At the end of the curating process, the tables are made available ready to be consumed.
This application is intended to handle the retention of ingested data. Each table will have a column that indicates the ingestion date of a record. For each table, it is defined in the data catalogue which retention, creating a rule that uses the referred control column. The Framework also internally manages the set of raw tables. The retention rules for these tables are configured directly in the “Control & Telemetry” module.
As a rule, this application is triggered in batch, usually daily, and on start-up, it checks the tables eligible for the housekeeping process and triggers the process of eliminating expired records.

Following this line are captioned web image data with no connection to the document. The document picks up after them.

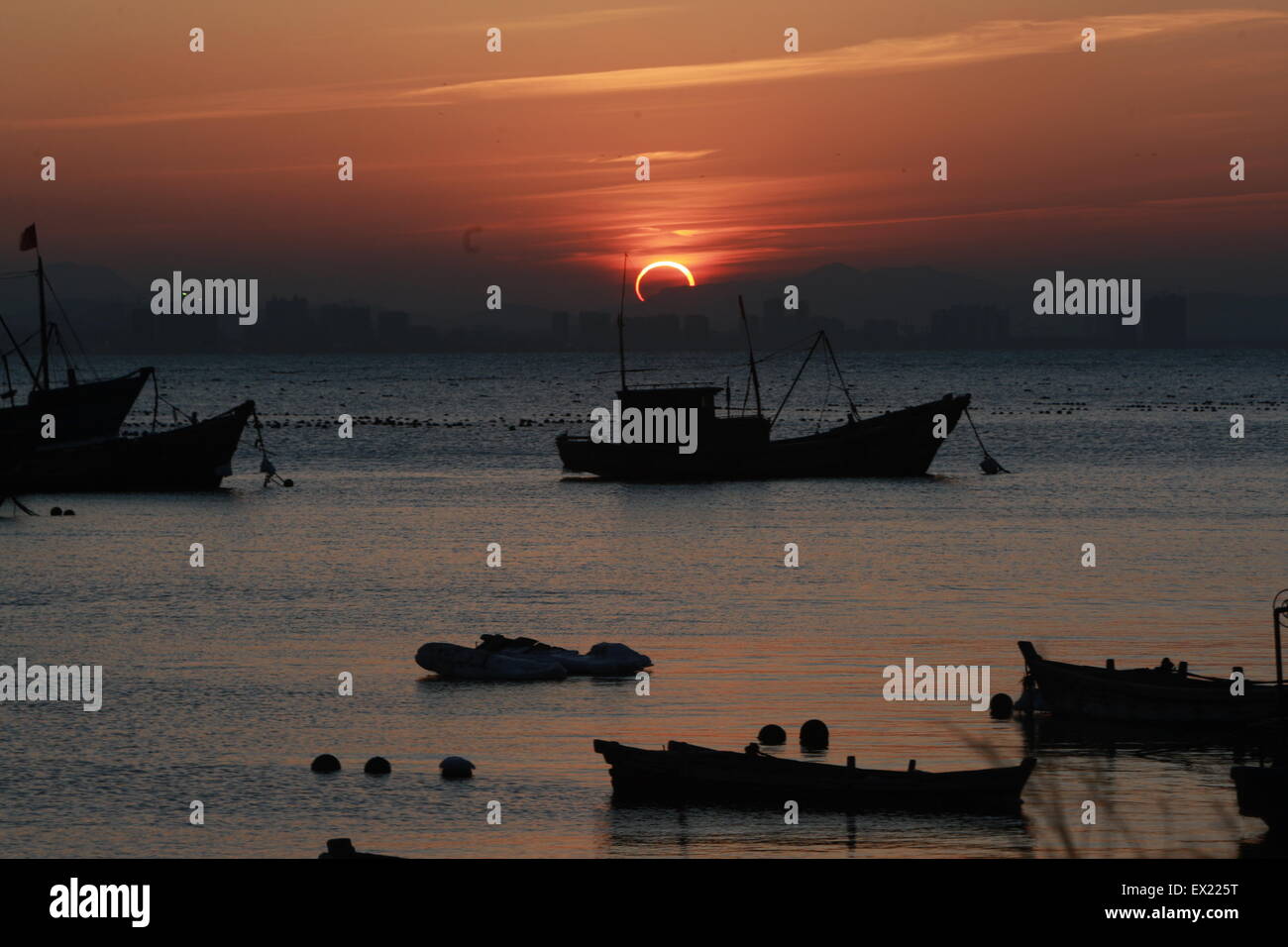 An annular solar eclipse is observed in Yantai, Shandong province January 15, 2010. VCP Stock Photo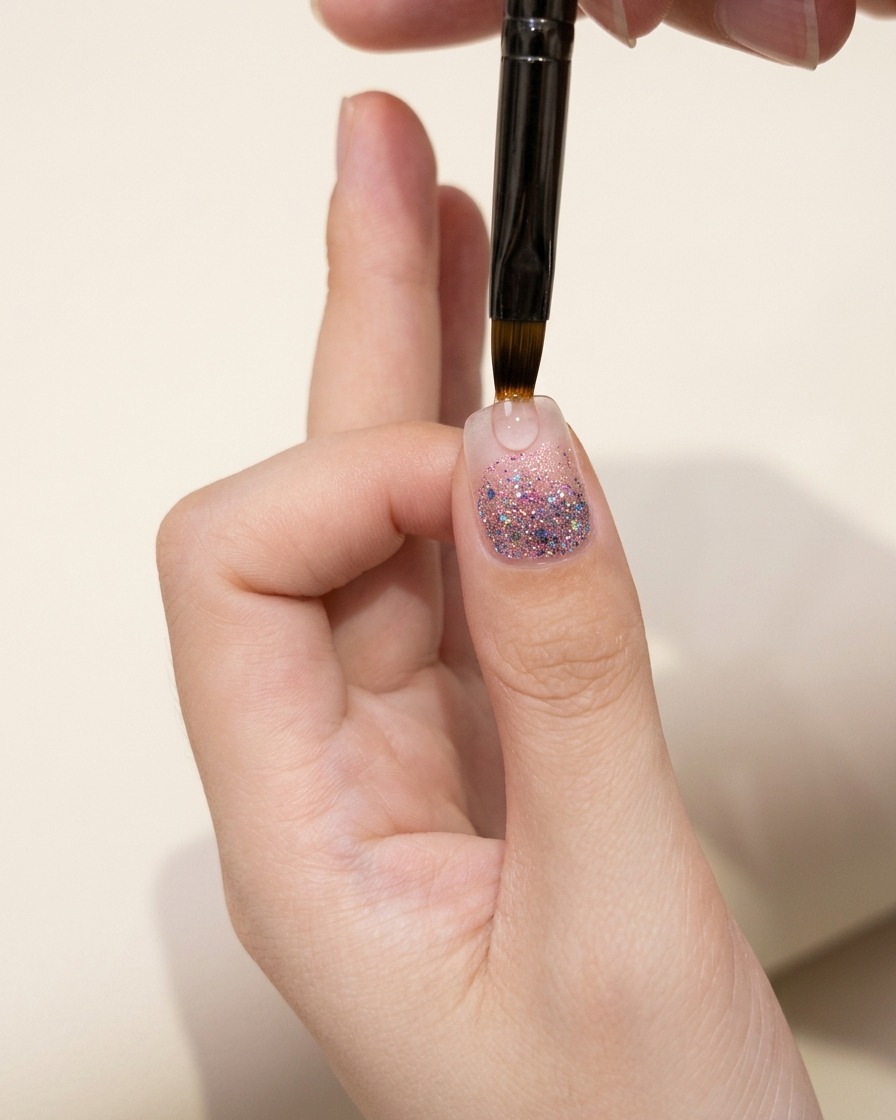 温かい光の下でグリッターのグラデーション層を確認している親指の爪のクローズアップ。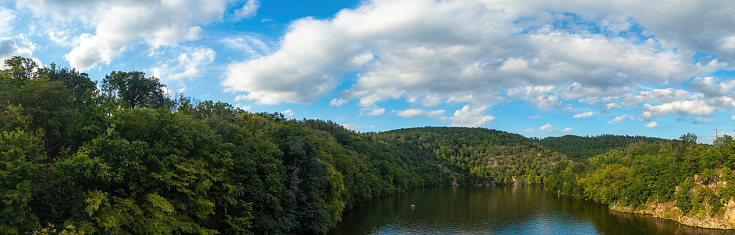 Panorama of a natural body of water in a forest landscape. Brno Reservoir.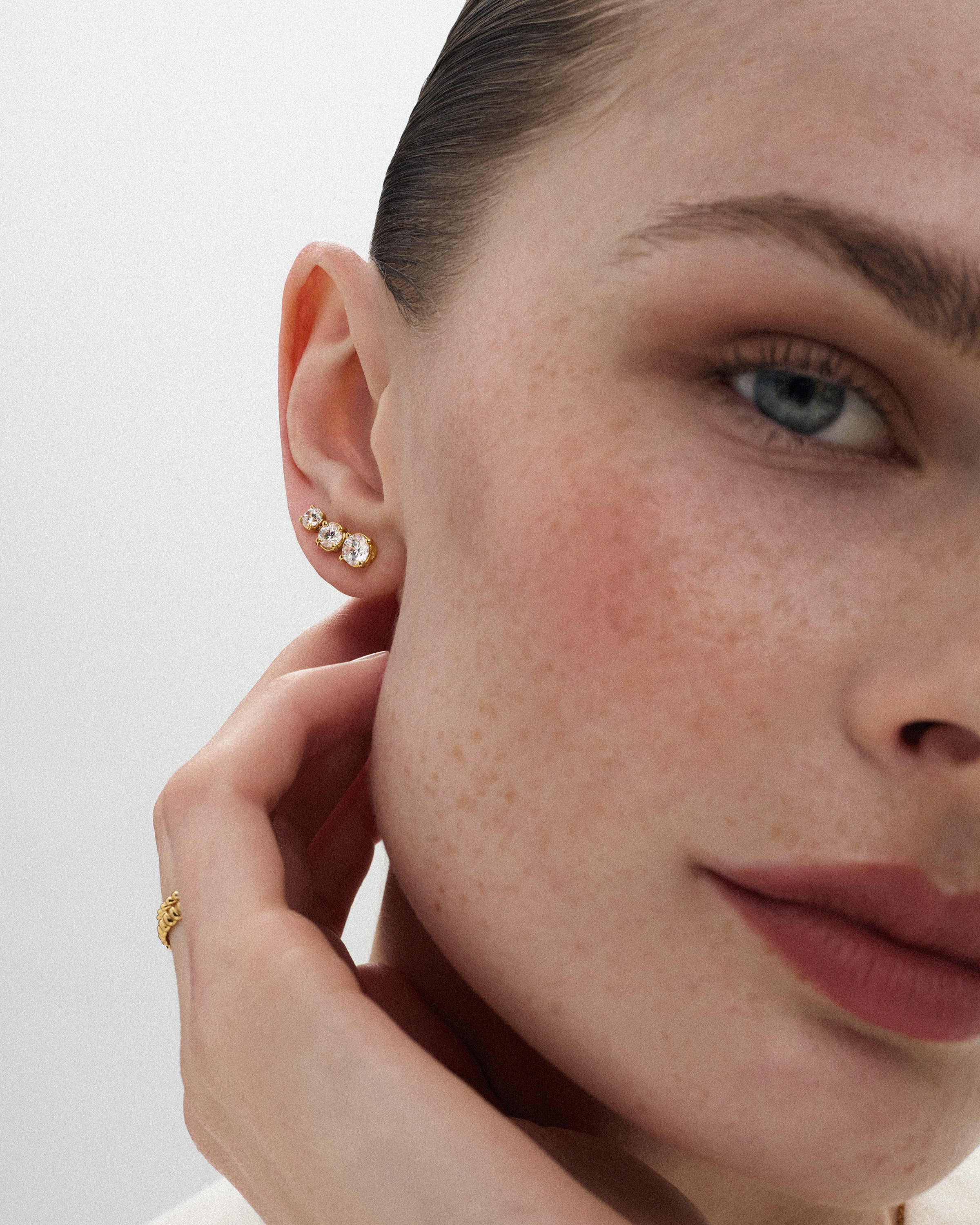 Angled view of a woman wearing three eclat grand stud earrings of different diamond sizes in 14k yellow gold against a light off-white background.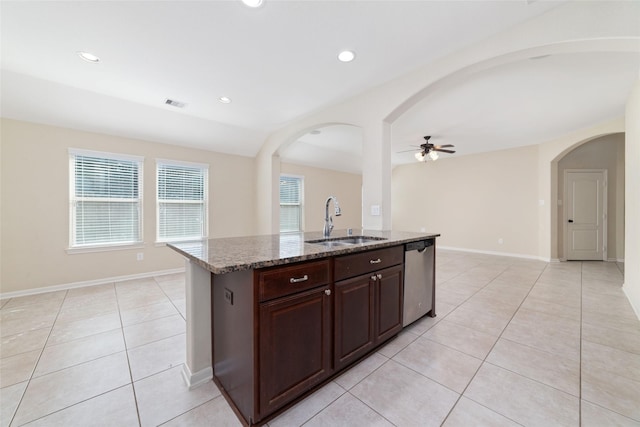 kitchen featuring stone countertops, sink, dishwasher, an island with sink, and light tile patterned flooring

The potential inclusion of GDPR-related requirements makes this module important in that it empowers the framework to manage the entire data lifecycle, demonstrating the evolvability and future-proofness of the presented framework.
Control & Telemetry
The ingestion of a given data source and transformation to its curated version is characterised by a set of steps. For example, to ingest events from a message broker it is necessary to indicate:
(1) the source;
(2) which meta-information (i.e. schema) of the source data;
(3) the read cadence;
(4) and which transformations to apply, such as enrichments, data cleansing, etc.
These steps define an ingestion flow.
The configuration of the various steps of an ingestion flow, which has a direct effect on the orchestration of the ingestion, is performed in this “Control & Telemetry” module, programmatically leveraging the pipeline orchestrator, something that allows not only leveraging the available platform but also reducing the development effort.
The configurations of this component are, in general, stored in an auxiliary “database”, and can be defined and accessed through an API. This API will also be used by the various applications of the framework to report on the execution status of the various stages of ingestion, thus constituting the “Telemetry API”.
The adoption and use of such an ingestion framework enable:
👉 A highly scalable platform, with the ability to add new data sources without having to work separate pipelines;
👉 A versatile platform, in that its modules, external connectors and information consumers are technologically agnostic, allowing the customer to choose their desired technological platform.
👉 An enterprise-grade framework, meeting data governance criteria.